= Time base generator =

A time base generator (also timebase or time base) is a special type of function generator, an electronic circuit that generates a varying voltage to produce a particular waveform. Time base generators produce very high frequency sawtooth waves specifically designed to deflect the beam of a cathode ray tube (CRT) smoothly across the face of the tube and then return it to its starting position.

Time bases are used by radar systems to determine range to a target, by comparing the current location along the time base to the time of arrival of radio echoes. Analog television systems using CRTs had two time bases, one for deflecting the beam horizontally in a rapid movement, and another pulling it down the screen 60 times per second. Oscilloscopes often have several time bases, but these may be more flexible function generators able to produce many waveforms as well as a simple time base.

==Description==

A basic oscilloscope typically employs a time base generator, which is controlled with the top dial, while the bottom dial controls the amplification of the signal.

A cathode ray tube (CRT) consists of three primary parts, the electron gun that provides a stream of accelerated electrons, the phosphor-covered screen that lights up when the electrons hit it, and the deflection plates that use magnetic or electric fields to deflect the electrons in-flight and allows them to be directed around the screen. It is the ability for the electron stream to be rapidly moved using the deflection plates that allows the CRT to be used to display very rapid signals, like those of a television signal or to be used for radio direction finding (see huff-duff).

Many signals of interest vary over time at a very rapid rate, but have an underlying periodic nature. Radio signals, for instance, have a base frequency, the carrier, which forms the basis for the signal. Sounds are modulated into the carrier by modifying the signal, either in amplitude (AM), frequency (FM) or similar techniques. To display such a signal on an oscilloscope for examination, it is desirable to have the electron beam sweep across the screen so that the electron beam cycles at the same frequency as the carrier, or some multiple of that base frequency.

This is the purpose of the time base generator, which is attached to one of the set of deflection plates, normally the X axis, while the amplified output of the radio signal is sent to the other axis, normally Y. The result is a visual re-creation of the original waveform.

===Use in radar===
A typical radar system broadcasts a short pulse of radio signal and then listens for echoes from distant objects. As the signal travels at the speed of light and has to travel to the target object and back, the distance to the target can be determined by measuring the delay between the broadcast and reception, multiplying the speed of light by that time, and then dividing by two (there and back again). As this process occurs very rapidly, a CRT is used to display the signal and look for the echoes.

In the simplest version of a radar display, today known as an "A-scope", a time base generator sweeps the display across the screen so that it reaches one side at the time when the signal has travelled the radar's maximum effective distance. For instance, an early warning radar like Chain Home (CH) might have a maximum range of 150 km, a distance that light will travel out and back in 1 millisecond. This would be used with a time base generator that pulls the beam across the CRT once every millisecond, starting the sweep when the broadcast signal ends. Any echoes cause the beam to deflect down (in the case of CH) as it moves across the display.

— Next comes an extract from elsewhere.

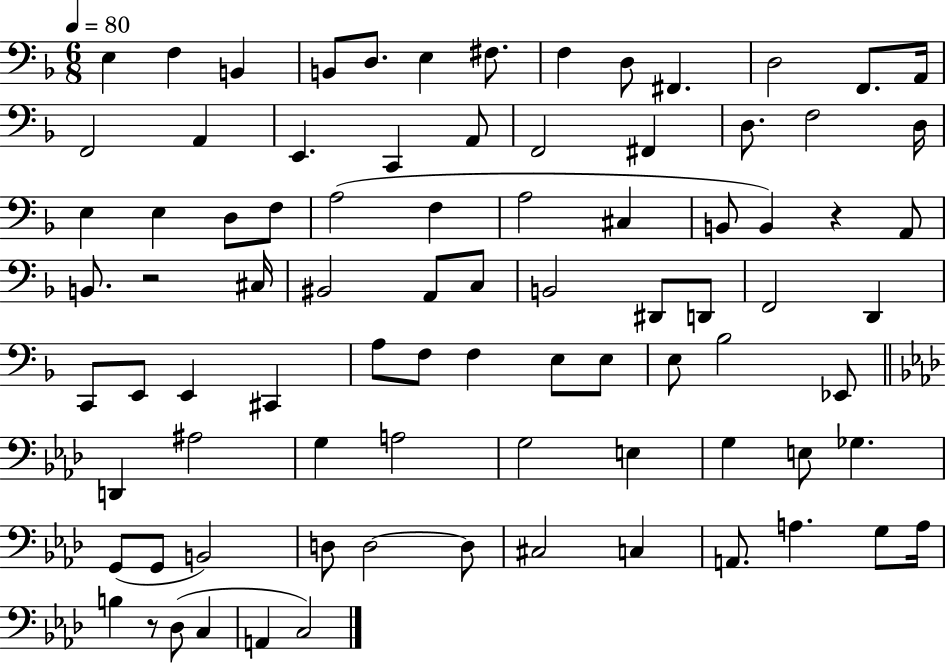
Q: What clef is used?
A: bass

By measuring the physical location of the "blip" on the CRT, one can determine the range to the target. For instance, if a particular radar has a time base of 1 millisecond, then its maximum range is 150 km. If this is displayed on a four-inch CRT and the blip is measured to be 2 inches from the left side, then the target is 0.5 milliseconds away, or about 75 km.

To ensure the blips would line up properly with a mechanical scale, the time base could be adjusted to start its sweep at a certain time. This could be adjusted manually, or automatically trigged by another signal, normally a greatly attenuated version of the broadcast signal.

Later systems modified the time base to include a second signal that periodically produced blips on the display, providing a clock signal that varied with the time base and thus did not need to be aligned. In UK terminology, these were known as strobes.

===Use in television===
Television signals consist of a series of still images broadcast in sequence, in the NTSC standard such a "frame" is broadcast 30 times a second. Each frame is itself broken down into a series of "lines", 525 in the NTSC standard. If one examines a television broadcast on an oscilloscope, it will appear to be a continual sequence of modulated signals broken up by short periods of "empty" signal. Each modulated portion carries the analog image for a single line.

To display the signal, two time bases are used. One sweeps the beam horizontally from left to right at 15,750 times a second, the time it takes for one line to be sent. A second time base causes the beam to scan down the screen 60 times a second, so that each line appears below the last one drawn and then returns to the top. This causes the entire signal of 525 lines to be drawn down the screen, re-creating a 2-dimensional image.

To ensure the time base began its sweep of the screen at the right time, the signal included several special modulations. With each line there was a brief period, the "front porch" and "back porch" that caused the signal to go negative briefly. This triggered the horizontal time base to start its sweep across the screen, ensuring that the lines started on the left of the display. A much longer but otherwise similar signal, the vertical blanking interval caused the vertical time base to start, with any lengthy delay causing the time base to trigger.